The address was intended to bolster the flagging fortunes of Prime Minister Margaret Thatcher, who was on the verge of being ousted as leader by a growing pro-Europe faction within the Conservative Party.

Mr. Lamont highlighted the disparity in inflation, budget deficits and employment levels that separated poorer southern nations from core European economies. “So long as such divergence exists,” he said, “a move to a single currency would represent a massive leap in the dark.”

Mr. Lamont served as chancellor under Ms. Thatcher’s successor, John Major, presiding over the collapse of the pound and Britain’s humiliating expulsion from the exchange rate mechanism in 1992.

As for his doubts about the euro, they have become even more pronounced.

“I have always said that the euro will break up,” Mr. Lamont said in a recent interview. “Not after the first crisis today, but after the second crisis, which could be 10 years away. This is, after all a political project, not an economic project.”

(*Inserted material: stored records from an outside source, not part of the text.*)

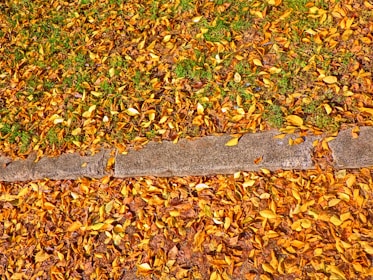 A pile of autumn leaves being cleared from a walkway beside a tidy lawn.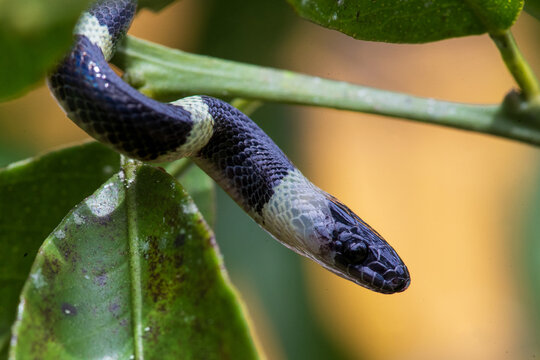forest flame snake (Oxyrhopus petolarius) in the colombian jungle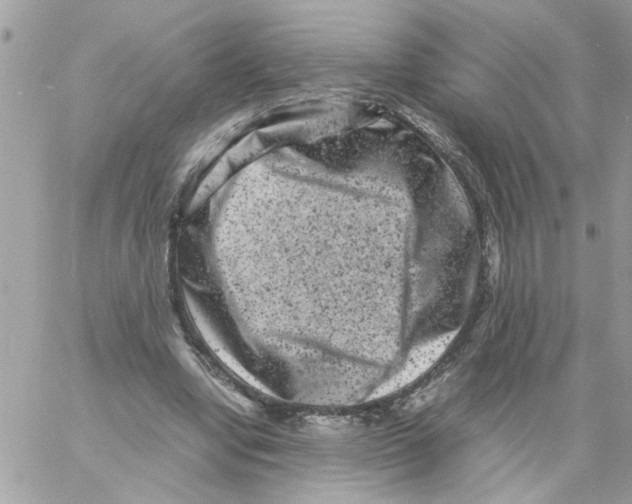 X0000061760442200512302308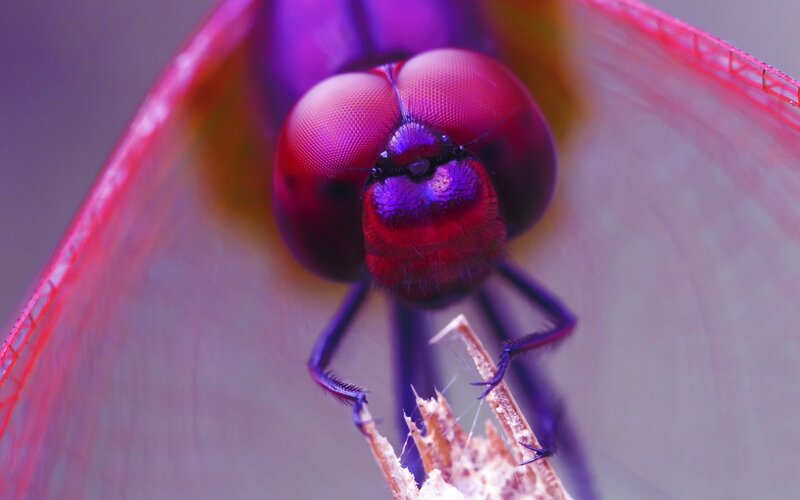 Dragonfly Head Close-up — Purple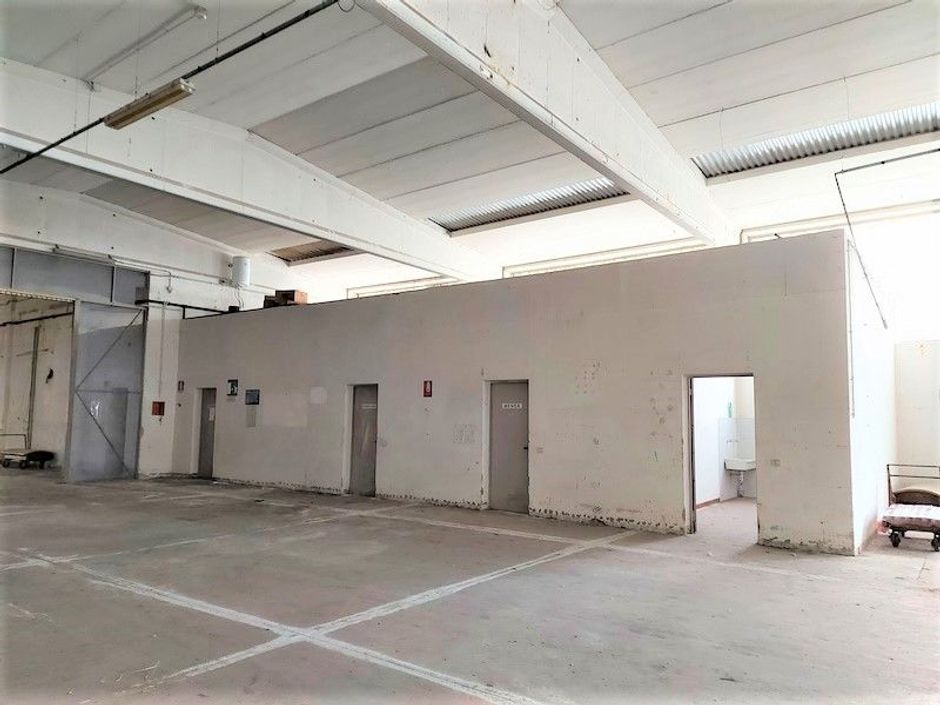 #14678 Stabilimento industriale con abitazione e terreni in vendita - foto 14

Mr. Lamont points out that previous currency projects in Europe, like the Latin monetary union formed by France, Belgium, Italy and Switzerland in 1865 and a similar one in Scandinavia, by Sweden, Denmark and Norway in 1875, lasted more than 30 years before they collapsed.

“The real problem is that the only way countries like Greece and Spain and Portugal can regain their competitiveness with Germany is to impose a decade of restrained living standards on their populations,” he said. “That is the time bomb ticking inside the euro.”

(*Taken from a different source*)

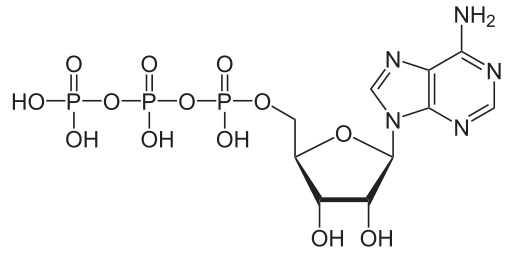 Adenosine triphosphate ATP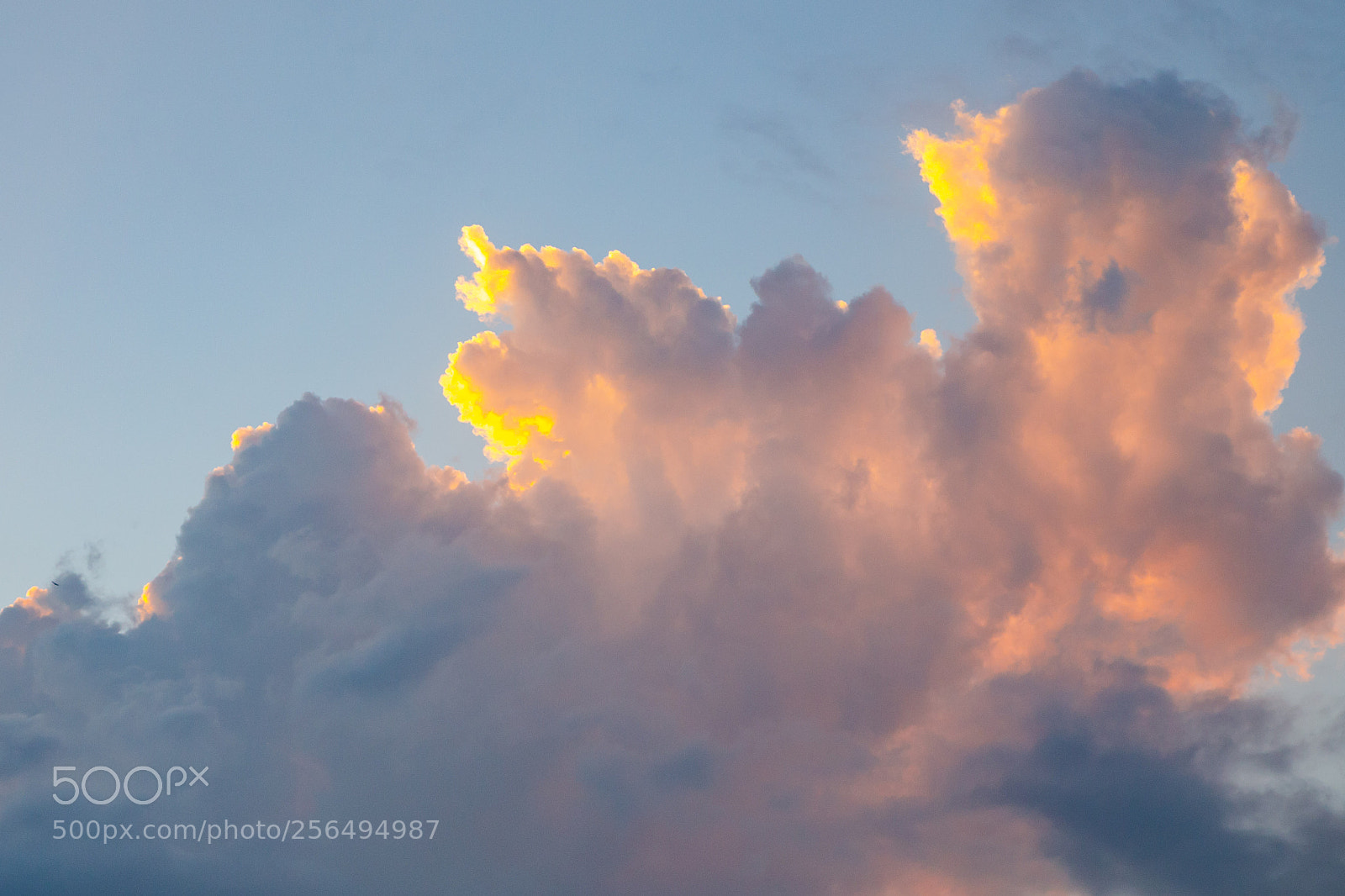 Canon EOS 6D sample photo. Untitled photography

But for the euro’s defenders, this crisis pales in comparison to the 20th century wars that tore Europe apart and represents little more than a speed bump on the road to an even more united Continent.

That view was put forward this month at the opening of the European Commission’s new representative office in London. Called Europe House, the building is the former Tory headquarters where Mrs. Thatcher, Britain’s most senior euro skeptic, celebrated three election wins — a footnote that European officials highlighted smugly during the evening’s festivities.

“We remember what happened in the last big crisis — it was something horrible, and such a threat is always waiting for us,” said Jerzy Buzek, the former prime minister of Poland and current president of the European Parliament.

A glass of white wine in his hand, Mr. Buzek paid little mind to the notion that the current financial unrest in Europe would lead to the euro’s collapse.

“Let us answer by having more solidarity,” he said. “We are a beautiful, fantastic Europe, and overcoming history is an imperative for us.”

Indeed, even in Ireland, which along with Greece has paid the steepest price for being tethered to the euro, economists are mostly uniform in their support of a single currency. They cite in particular the benefit of monetary stability and the fact that the euro zone has been saved from the harmful dynamic of competitive devaluations and capital controls that has flared up in emerging market economies.

“In an integrated world, having a common economic approach to policy has a lot of strength,” said Philip R. Lane, an economist at Trinity College in Dublin who oversees the influential Irish Economy blog.

But Mr. Nolling, the German economist, insists that whatever the euro’s supposed advantages, in practice European policy makers have gone too far in their effort to preserve the single currency.

The financial rescues of Greece and Ireland, he contends, are “unconstitutional” because they violate the euro zone’s no-bailout clause.

Germany’s constitutional court is expected to rule on a case brought by Mr. Nolling and a group of like-minded economists and lawyers early next year. While few expect a decision that would reverse the Irish and Greek interventions, the challenge is a blunt reminder that Germany, the European nation with the deepest pockets, remains deeply divided over the merits of the single currency and that further financial rescues could face many obstacles, both political and legal.

“We were told that the euro would achieve peace in Europe forever,” Mr. Nolling said, “but I am sad to say that the opposite is true.”